__What the task requires__. Exactly copy the final stretch of the listing below: the line with "An open-plan office" and every line after it.

__Records provided__.

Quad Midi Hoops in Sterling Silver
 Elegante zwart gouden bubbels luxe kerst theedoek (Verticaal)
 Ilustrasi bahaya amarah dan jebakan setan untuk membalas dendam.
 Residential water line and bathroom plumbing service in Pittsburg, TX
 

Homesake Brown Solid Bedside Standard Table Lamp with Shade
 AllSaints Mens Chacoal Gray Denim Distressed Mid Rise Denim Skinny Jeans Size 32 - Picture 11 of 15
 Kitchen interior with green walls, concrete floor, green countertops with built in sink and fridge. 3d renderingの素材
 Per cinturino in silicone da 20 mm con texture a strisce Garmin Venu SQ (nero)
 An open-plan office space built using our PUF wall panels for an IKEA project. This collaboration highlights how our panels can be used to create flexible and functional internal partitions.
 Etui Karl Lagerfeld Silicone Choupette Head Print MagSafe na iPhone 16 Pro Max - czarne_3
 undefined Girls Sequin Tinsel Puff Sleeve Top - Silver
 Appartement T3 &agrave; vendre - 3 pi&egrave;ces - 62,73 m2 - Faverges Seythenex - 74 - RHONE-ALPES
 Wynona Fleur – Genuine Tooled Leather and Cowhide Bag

__Result of the task__.
 An open-plan office space built using our PUF wall panels for an IKEA project. This collaboration highlights how our panels can be used to create flexible and functional internal partitions.
 Etui Karl Lagerfeld Silicone Choupette Head Print MagSafe na iPhone 16 Pro Max - czarne_3
 undefined Girls Sequin Tinsel Puff Sleeve Top - Silver
 Appartement T3 &agrave; vendre - 3 pi&egrave;ces - 62,73 m2 - Faverges Seythenex - 74 - RHONE-ALPES
 Wynona Fleur – Genuine Tooled Leather and Cowhide Bag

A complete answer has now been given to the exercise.